## Given data
┄┄┄┄┄┄
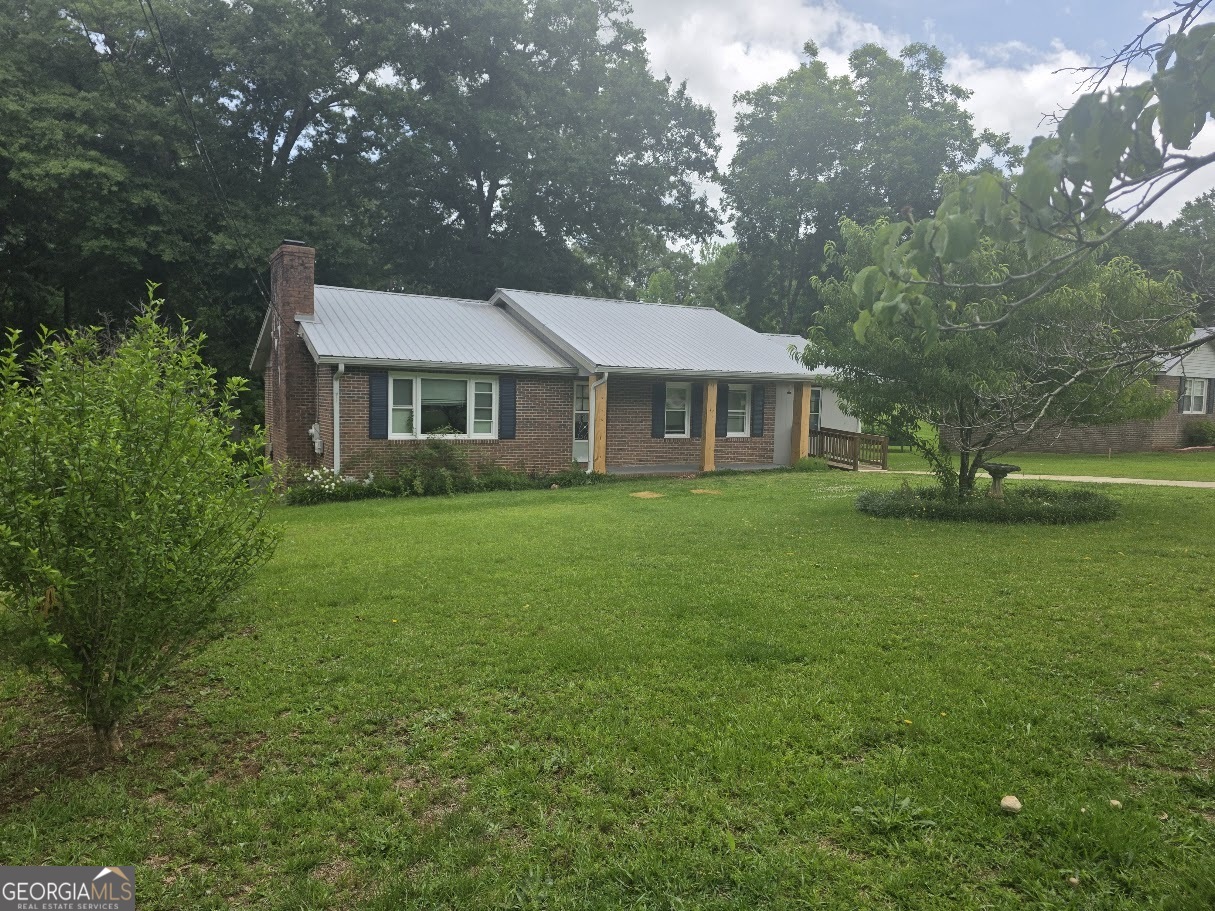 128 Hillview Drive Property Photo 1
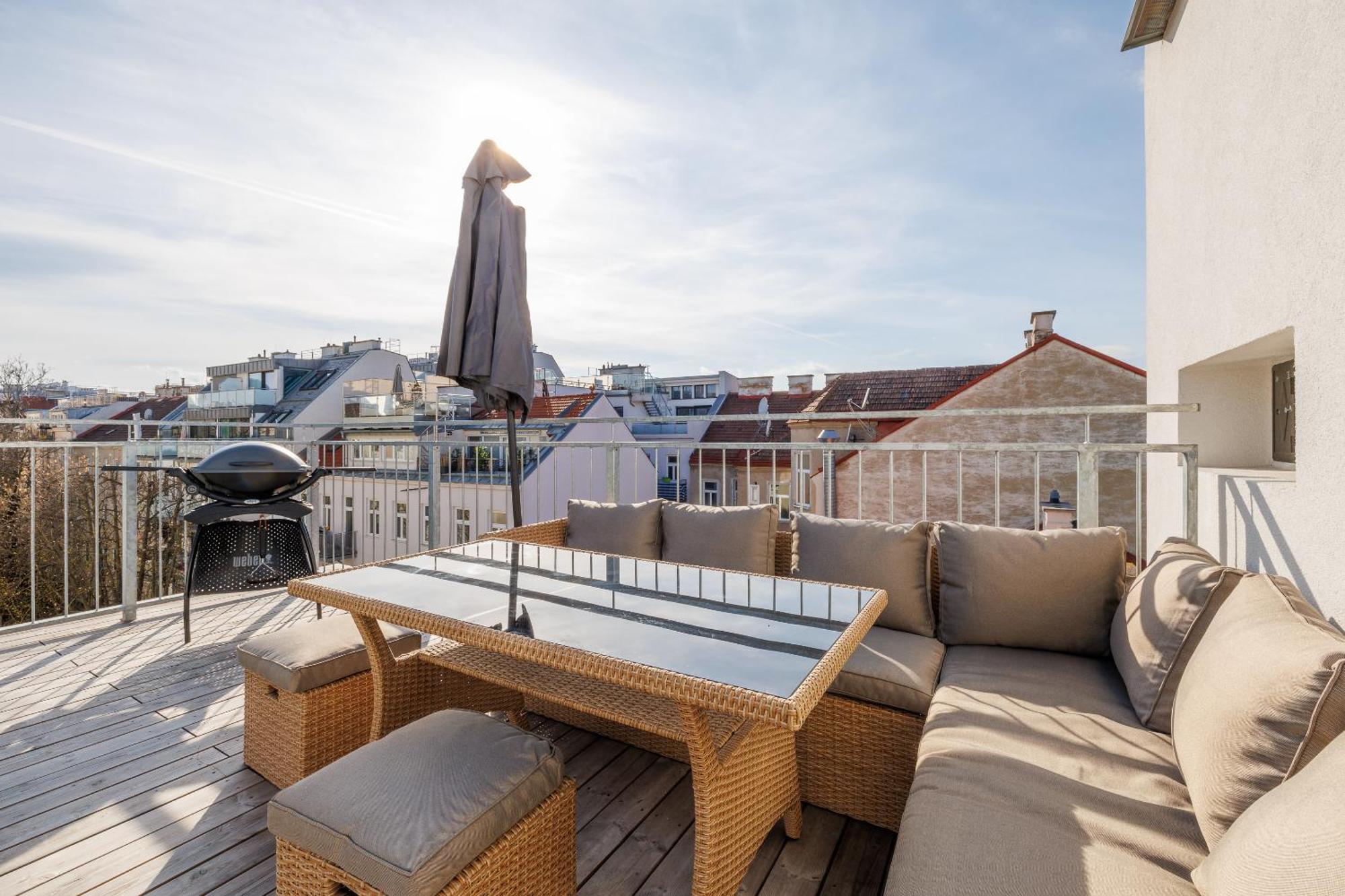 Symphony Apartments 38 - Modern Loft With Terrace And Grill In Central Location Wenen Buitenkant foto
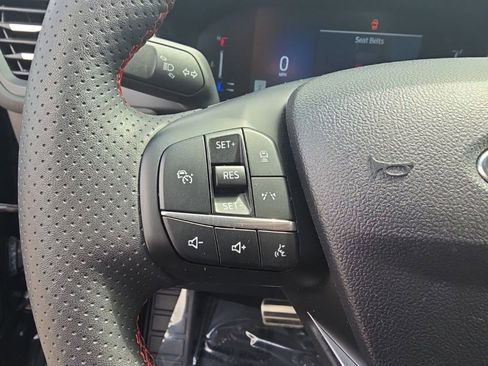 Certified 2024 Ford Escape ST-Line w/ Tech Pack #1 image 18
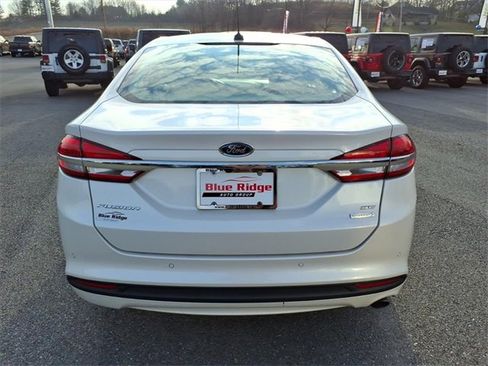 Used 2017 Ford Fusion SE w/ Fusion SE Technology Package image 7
┄┄┄┄┄┄
## Task statement
Starting from the line that has "Symphony Apartments 38" and ending at the last line of the material above, every line should be output exactly; pictures are dropped and nothing else appears.

## Task result
 Symphony Apartments 38 - Modern Loft With Terrace And Grill In Central Location Wenen Buitenkant foto
 Certified 2024 Ford Escape ST-Line w/ Tech Pack #1 image 18
 Used 2017 Ford Fusion SE w/ Fusion SE Technology Package image 7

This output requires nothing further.